Une production sans doute spectaculaire mais qui a largement dépassé les budgets, obligeant le charismatique directeur à trouver des sponsors, et qui malgré les difficultés financières rêve de présenter trois ou quatre ouvrages par semaine, sans compter les spectacles pour enfants et les spectacles de danse.
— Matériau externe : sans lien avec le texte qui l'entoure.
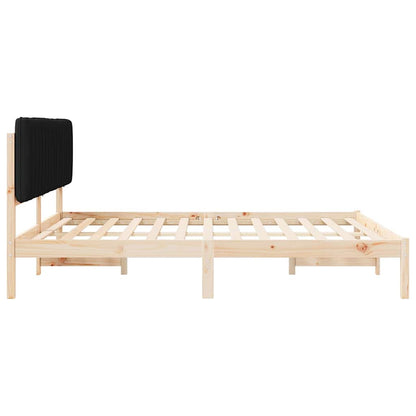 Bettgestell mit gepolstertem Kopfteil Schwarz 180 x 200 cm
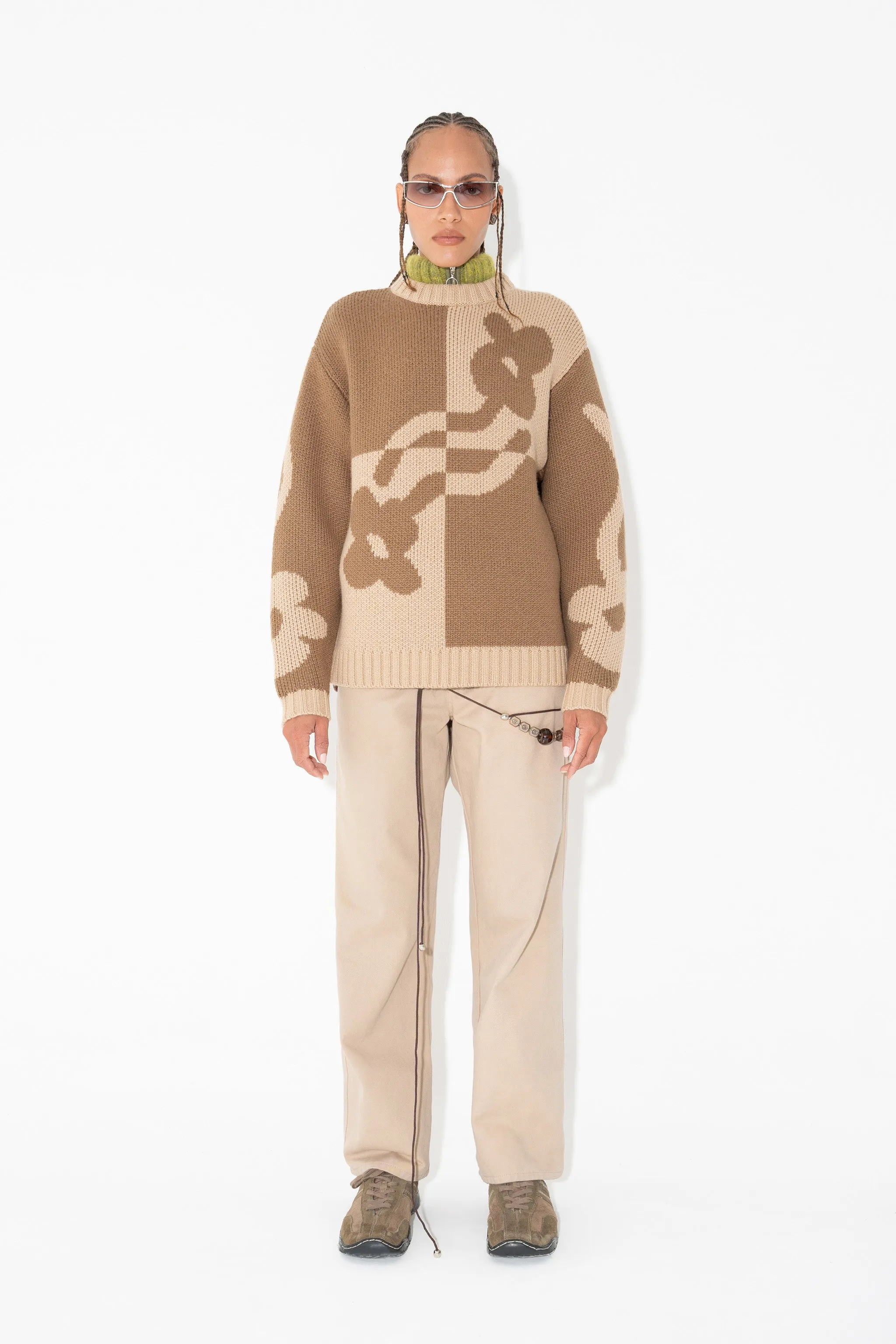 TWO-TONE DAD JUMPER in Neutral Flower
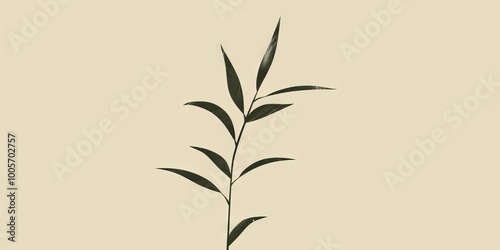 Wallpaper Mural Minimalistic plant silhouette design Torontodigital.ca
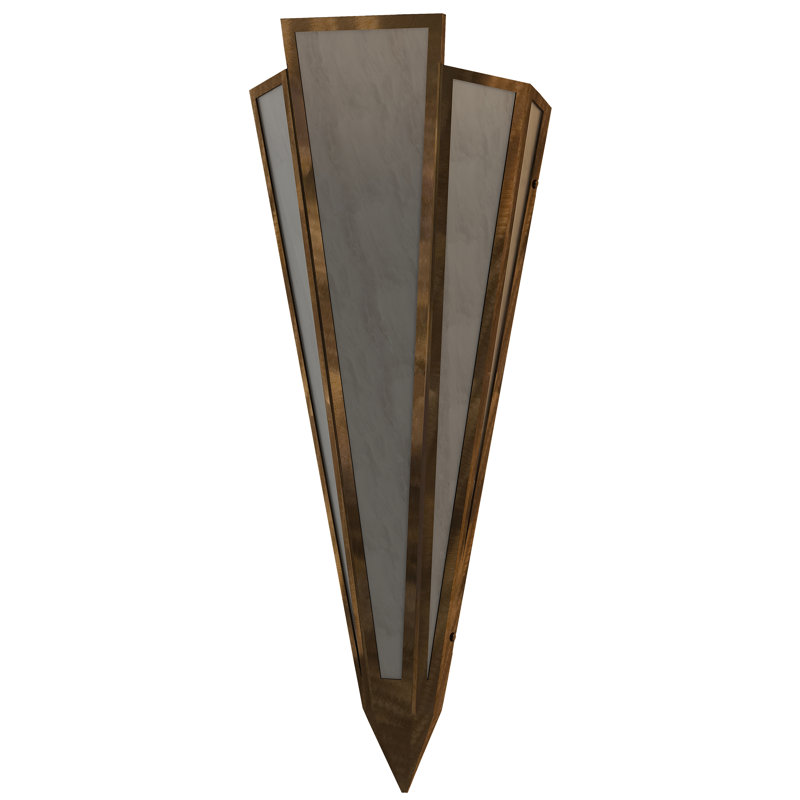 Brum Flush Mounted Sconce, White, Antique Copper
En effet il ne faudrait pas non plus oublier les grands ballets tels que Giselle d’A. Adam, Don Quichotte de L. Minkus et bien sûr les grands ballets nationaux comme Spartacus, Cipollino et Guyane d’Arak Khachaturian qui, bien que régulièrement programmés dans la capitale, partent aussi en tournée à Moscou ou à Saint-Pétersbourg.

Cet enthousiaste directeur est également un chef d’orchestre très apprécié sur la scène internationale qui, pour la troisième fois, lui octroyait en 2017 un Grammy dans la catégorie des meilleurs enregistrements d’opéra pour son Rigoletto de Verdi avec le regretté baryton russe Dmitri Hvorostovsky dans le rôle titre, qui donnait la réplique à la soprano américaine Nadine Sierra et au ténor italien Francesco Demuro.

Mélomanes, lyricomanes, balletomanes de Suisse, de France et de Navarre, n’hésitez pas à sortir de vos habitudes musicales et tournez votre curiosité vers ce bel Opéra d’Erevan qui, à n’en pas douter, ne tardera pas à faire son entrée dans la cour des grands !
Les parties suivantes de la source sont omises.